De tijd die volgt is hectisch. Leida: “We moesten leren spuiten, wat toen nog heel ouderwets ging: je moest helemaal leren hoe je zo’n spuit in orde moest maken.” Eén keer per dag mogen ze Frans zijn bloedglucose meten. Of nou ja, meten… “Dat ging met een soort stripje waarvan de kleur veranderde en dan wist je ongeveer hoe hoog het was.”

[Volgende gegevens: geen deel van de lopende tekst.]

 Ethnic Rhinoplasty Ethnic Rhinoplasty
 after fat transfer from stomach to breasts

Frans vliegt in die tijd van de ene naar de andere hypo. Als iemand in huis roept dat Frans zijn bed niet uit wil, loopt moeder Leida de trap alweer op om een glas limonade te brengen. “Toch heeft hij gewoon alles gedaan in zijn leven. Dat vind ik best knap: hij heeft zijn rijbewijs gehaald, een eigen bedrijf opgebouwd en in zijn jeugd ging hij ook regelmatig uit.”

Complicaties

Maar Leida ziet ook wat het lange leven met type 1 diabetes met Frans doet. “Hij heeft schade aan zijn ogen, problemen met zijn bloedvaten… Zijn lichaam heeft echt te lijden gehad.” Zoals Frans het zelf omschrijft: “Ik voel lichamelijk dat ik behoorlijk snel ouder word, als ik het vergelijk met vrienden van dezelfde leeftijd”. Frans heeft inmiddels ruim vijftig jaar type 1 diabetes. Pas zo’n vijf jaar geleden kreeg hij de eerste complicaties aan zijn ogen en neuropathie in zijn voeten.

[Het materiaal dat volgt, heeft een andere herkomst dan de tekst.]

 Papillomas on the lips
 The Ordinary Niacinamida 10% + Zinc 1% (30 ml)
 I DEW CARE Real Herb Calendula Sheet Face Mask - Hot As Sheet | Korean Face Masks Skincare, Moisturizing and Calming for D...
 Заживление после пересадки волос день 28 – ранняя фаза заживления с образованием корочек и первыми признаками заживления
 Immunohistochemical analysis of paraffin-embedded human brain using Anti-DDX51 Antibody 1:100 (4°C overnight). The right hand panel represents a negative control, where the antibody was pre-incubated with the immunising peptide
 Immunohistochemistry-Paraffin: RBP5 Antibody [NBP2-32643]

Bij zoon Ruud en dochter Yoka kwam de diagnose tientallen jaren later. “Hun leven is veel overzichtelijker”, vertelt moeder Leida. “Je krijg er als moeder ook minder van mee als ze een stuk ouder zijn.” Yoka kreeg de diagnose in 2002. Ze vertelt: “Ik was 42 jaar toen ik in het ziekenhuis lag met type 1 diabetes. Eenmaal uit het ziekenhuis, ging het gelijk goed. Ik wist al zoveel van diabetes door de situatie bij ons thuis vroeger.”

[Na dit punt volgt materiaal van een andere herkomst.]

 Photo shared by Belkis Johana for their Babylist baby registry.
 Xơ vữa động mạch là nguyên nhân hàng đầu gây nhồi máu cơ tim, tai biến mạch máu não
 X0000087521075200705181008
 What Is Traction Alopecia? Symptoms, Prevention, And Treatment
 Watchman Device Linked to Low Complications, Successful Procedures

“Ik denk regelmatig: er zijn mensen die het slechter hebben”

Vanaf 2002 is het eigenlijk altijd soepel gegaan bij Yoka. Anders is dat bij broer Ruud. “Ze zeggen vaak dat met type 1 diabetes goed te leven is, maar de gevolgen voor je lichaam zeggen iets anders”, vertelt hij. In 2006 kreeg hij de diagnose type 2, maar later bleek het om type 1 diabetes te gaan. De afgelopen vijftien jaar heeft hij net als Frans helaas meerdere complicaties gekregen, zoals neuropathie. “Het is erg vervelend, maar ik leef gewoon door en denk regelmatig: er zijn mensen die het slechter hebben.”

Zorgeloos leven

Als alle kinderen nu samen op bezoek zijn bij Leida, dan is diabetes ongetwijfeld een gespreksonderwerp. “Die drie wisselen razendsnel uit hoe het gaat en ik luister dan een beetje mee, op de achtergrond.” Volgens Leida hebben ze alle drie een goede manier gevonden om om te gaan met type 1 diabetes. “Ze zijn ongelooflijk nuchter en slaan zich er echt wel doorheen. We weten allemaal: iedereen heeft wel iets. En zij hebben toevallig type 1 diabetes.”
Toch wil ze de impact van de ziekte niet bagatelliseren. “Het is echt een sluipmoordenaar. Het zorgt niet direct voor heel ernstige dingen, maar er komt wel iedere keer toch iets zorgelijks bij.” Ze vervolgt: “Ik denk dat hun leven zorgelozer was geweest zonder diabetes. Ook als moeder ben ik nooit echt zorgeloos.”

“Hun leven was zorgelozer geweest zonder diabetes en ook als moeder ben ik nooit echt zorgeloos”

Voor haar kinderen hoopt ze vooral dat ze een mooie oude dag krijgen. “Ik ben 84 en eigenlijk heel gezond. Dat gun ik hen ook zo.” Haar grootste wens ligt echter bij de komende generaties. “Ik duim heel hard dat mijn kleinkinderen het niet krijgen, want daar maak ik me weleens zorgen om. Ik kan nooit onbeperkt blij zijn om al dat leuke kroost.”